The disagreement over revenue sharing terms for movies between national multiplex chains and movie distributors and producers has now reached its peak wherein the two parties are not willing to come to a middle ground over their respective demands. Come 4 April and producers will desist from releasing their movies in plexes.
While the producers body met on 16 March and laid open their woes and demands, on 17 March it was the exhibitors who did the same. Each side has their own story and one which they are definitely sticking to… at least as of now!
In this EXCLUSIVE chat, producer MUKESH BHATT spoke to Businessofcinema.com post the multiplex media briefing and shared his views on the points put forth by the exhibitors.
In the conference today, multiplexes have proposed a performance linked revenue share model for films. What are your thoughts on it?
Nowhere in the world are these dictates happening. Which business runs on the basis of performance? We do not want the bonus from a successful film; we just want our equal share.
You may not want any bonus on a successful film. But doesn’t a flop film take away an undeserving share?
If a movie does not do well, they pull it off anyway. They are unscrupulous. On Monday itself, in the middle of a week, they start reducing the number of shows for a film that doesn’t do well. If they cannot bear with our poor films, then why should we feed their poor properties?
Could you please elaborate on this?
When a distributor is releasing a film and chooses to have a limited release in few cinemas, say for instance, a distributor wants to release a movie in 20 cinemas only, he is forced by the multiplexes to release it in 40 cinemas because each one of them want content to feed their cinemas. So I end up bearing additional expenditure on print cost and if I refuse to abide, they say they will not play our movie in any cinema across the country.
In Bombay city itself there are some prime properties and some bad ones, now do they deserve the same terms? The problem is that multiplexes prejudge a movie’s fate and decide the percentage.
So are you saying the performance linked revenue share model doesn’t suit you? Why can’t both parties sit across the table and decide upon appropriate benchmarks?
Dev D fared very well; it still didn’t get more share than agreed terms. I will give you an example of my movies Jannat and Raaz 2. Jannat was a successful film produced by Vishesh Films in 2008 and starred Emraan Hashmi, which was released with 48 percent revenue share. But when Vishesh Films was releasing Raaz 2 starring Emraan again, we got 45 percent revenue share. All this despite the fact that sequels are known to give 300 percent more revenues than their previous films, be it Gomaal Returns, Phir Hera Pheri, Dhoom 2 etc.

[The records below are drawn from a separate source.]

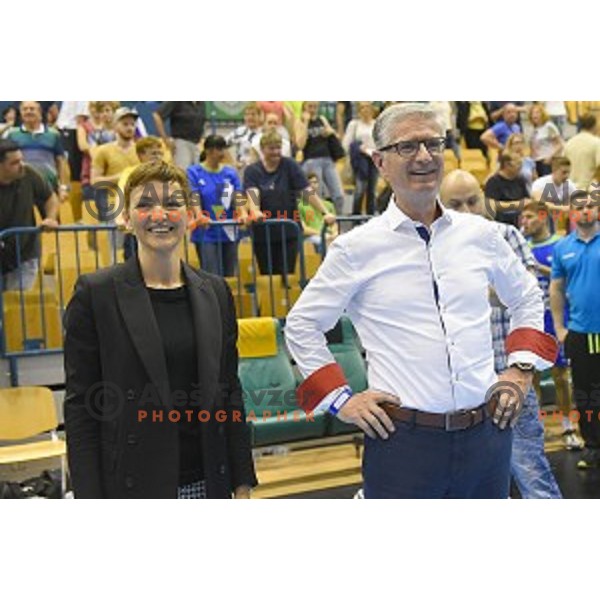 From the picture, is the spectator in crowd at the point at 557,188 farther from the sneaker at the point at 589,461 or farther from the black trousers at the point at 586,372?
the sneaker at the point at 589,461

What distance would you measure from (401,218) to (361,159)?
5.34 meters

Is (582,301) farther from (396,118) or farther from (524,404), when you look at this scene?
(396,118)

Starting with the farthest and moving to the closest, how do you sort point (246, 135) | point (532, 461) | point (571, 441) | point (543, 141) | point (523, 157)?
1. point (543, 141)
2. point (523, 157)
3. point (246, 135)
4. point (571, 441)
5. point (532, 461)

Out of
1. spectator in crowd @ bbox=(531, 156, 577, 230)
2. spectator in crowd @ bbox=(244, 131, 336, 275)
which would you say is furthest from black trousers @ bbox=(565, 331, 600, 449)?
spectator in crowd @ bbox=(244, 131, 336, 275)

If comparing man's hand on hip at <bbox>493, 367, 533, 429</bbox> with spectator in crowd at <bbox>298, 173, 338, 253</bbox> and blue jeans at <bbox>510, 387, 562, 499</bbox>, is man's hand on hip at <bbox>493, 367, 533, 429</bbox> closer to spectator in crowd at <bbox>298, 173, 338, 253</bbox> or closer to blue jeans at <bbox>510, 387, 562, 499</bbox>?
blue jeans at <bbox>510, 387, 562, 499</bbox>

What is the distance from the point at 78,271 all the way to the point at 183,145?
1491 mm

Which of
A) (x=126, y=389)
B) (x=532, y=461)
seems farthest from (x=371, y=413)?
(x=532, y=461)

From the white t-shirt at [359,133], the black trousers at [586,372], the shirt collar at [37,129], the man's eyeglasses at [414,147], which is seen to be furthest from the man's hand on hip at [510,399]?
the white t-shirt at [359,133]

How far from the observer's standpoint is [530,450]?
10.6ft

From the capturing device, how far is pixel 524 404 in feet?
9.93

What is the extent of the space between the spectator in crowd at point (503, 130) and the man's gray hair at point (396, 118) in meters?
5.82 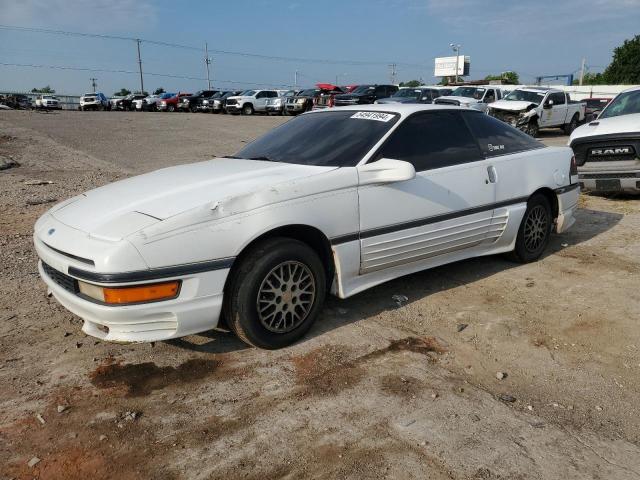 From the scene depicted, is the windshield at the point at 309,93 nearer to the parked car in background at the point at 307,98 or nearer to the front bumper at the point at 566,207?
the parked car in background at the point at 307,98

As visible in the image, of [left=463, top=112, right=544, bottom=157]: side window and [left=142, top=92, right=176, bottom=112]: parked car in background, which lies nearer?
[left=463, top=112, right=544, bottom=157]: side window

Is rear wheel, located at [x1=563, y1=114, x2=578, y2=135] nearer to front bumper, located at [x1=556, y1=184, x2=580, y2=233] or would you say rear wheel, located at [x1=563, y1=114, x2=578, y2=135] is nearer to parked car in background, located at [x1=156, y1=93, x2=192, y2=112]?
front bumper, located at [x1=556, y1=184, x2=580, y2=233]

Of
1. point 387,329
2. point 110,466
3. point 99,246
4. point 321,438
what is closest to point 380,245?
point 387,329

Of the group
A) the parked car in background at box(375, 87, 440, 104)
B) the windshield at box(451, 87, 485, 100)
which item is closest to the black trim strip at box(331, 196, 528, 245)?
the parked car in background at box(375, 87, 440, 104)

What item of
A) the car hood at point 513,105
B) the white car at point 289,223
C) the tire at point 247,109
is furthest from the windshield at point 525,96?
the tire at point 247,109

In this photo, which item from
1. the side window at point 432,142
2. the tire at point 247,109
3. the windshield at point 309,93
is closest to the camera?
the side window at point 432,142

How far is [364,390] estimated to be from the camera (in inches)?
120

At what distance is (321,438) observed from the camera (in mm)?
2627

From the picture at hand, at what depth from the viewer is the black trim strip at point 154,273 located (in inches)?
115

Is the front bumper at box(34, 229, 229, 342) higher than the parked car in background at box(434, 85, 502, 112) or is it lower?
lower

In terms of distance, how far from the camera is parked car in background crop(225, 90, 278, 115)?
34.2 meters

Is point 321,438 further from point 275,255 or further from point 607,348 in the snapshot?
point 607,348

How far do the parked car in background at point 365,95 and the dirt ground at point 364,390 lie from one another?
21226 mm

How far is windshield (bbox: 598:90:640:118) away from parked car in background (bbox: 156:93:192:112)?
35.1 meters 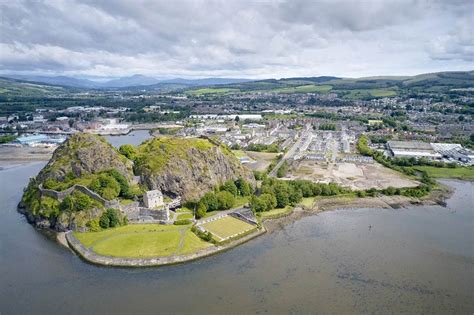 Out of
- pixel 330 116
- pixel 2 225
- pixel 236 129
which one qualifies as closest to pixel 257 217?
pixel 2 225

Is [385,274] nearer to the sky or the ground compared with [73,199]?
nearer to the ground

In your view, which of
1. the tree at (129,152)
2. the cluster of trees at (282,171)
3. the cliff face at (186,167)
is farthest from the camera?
the cluster of trees at (282,171)

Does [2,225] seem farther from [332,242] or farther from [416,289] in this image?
[416,289]

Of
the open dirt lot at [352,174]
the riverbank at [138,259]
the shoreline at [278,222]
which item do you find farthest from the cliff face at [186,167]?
the open dirt lot at [352,174]

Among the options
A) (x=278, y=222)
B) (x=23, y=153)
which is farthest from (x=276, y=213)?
(x=23, y=153)

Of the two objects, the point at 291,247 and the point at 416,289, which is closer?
the point at 416,289

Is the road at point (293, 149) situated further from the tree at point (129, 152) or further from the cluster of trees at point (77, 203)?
the cluster of trees at point (77, 203)

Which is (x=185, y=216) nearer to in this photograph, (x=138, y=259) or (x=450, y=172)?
(x=138, y=259) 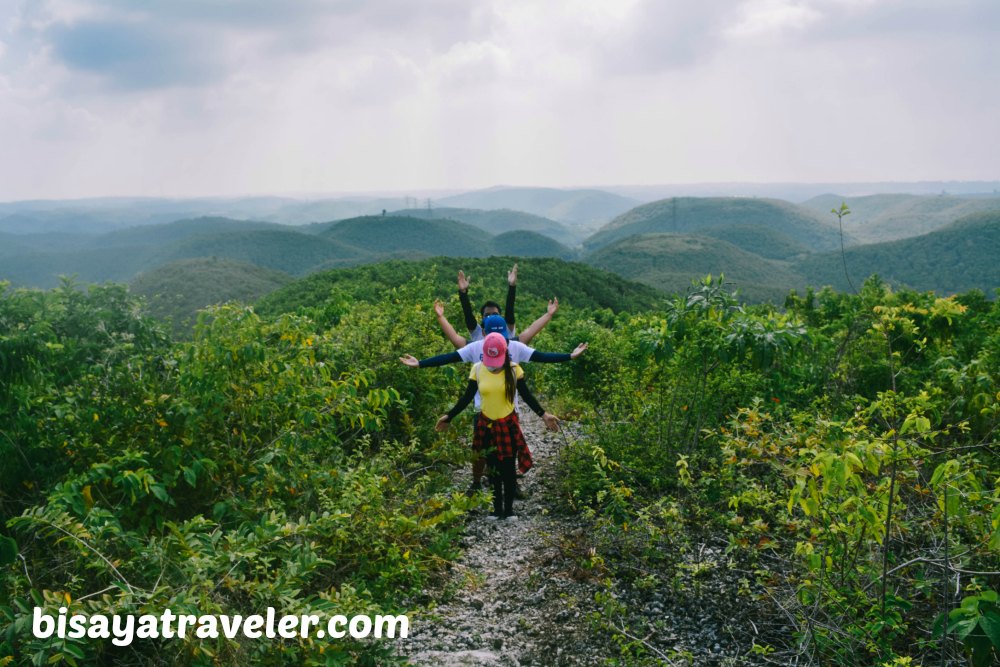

However, the attitude of multiplex officials was – ‘Take it or leave it.’ They do not even have the decency to sit across the table. They are a bunch of scoundrels and it is shameful what they are doing and we know we are fair in our demand.
Touching upon what producers said about multiplexes delaying your revenue share payment for 60 – 90 days… similarly so many distributors too are liable to pay multiplexes since so many months. What’s your comment on the same?
Yes, but do you know that the distributors collectively do not owe multiplexes more than three percent of what the multiplexes owe the distributors? And do you know what they do with out money? They are using our money interest free to build their multiplexes and for their expansion!
We are taking so much risk. They are making money on popcorn, car park and ads because audience is coming in their cinemas to watch our movies. Are we asking for a share in their sales? But if our movie only doesn’t play, then they too will not be able to make revenue because people will not come to cinemas to see walls.
Cinemas too take risk, they too invest in properties just the way producers and distributors invest in movies.
But you know, one bad film will not shut down their property. We are talking about loss in profits of a multiplex as opposed to loss in capital of a producer/ distributor. Is Rs 30 crores capital of a movie more valuable than Rs 2 lakh a cinema loses?
If they kill us, they will definitely die. They can then make their multiplexes into warehouses.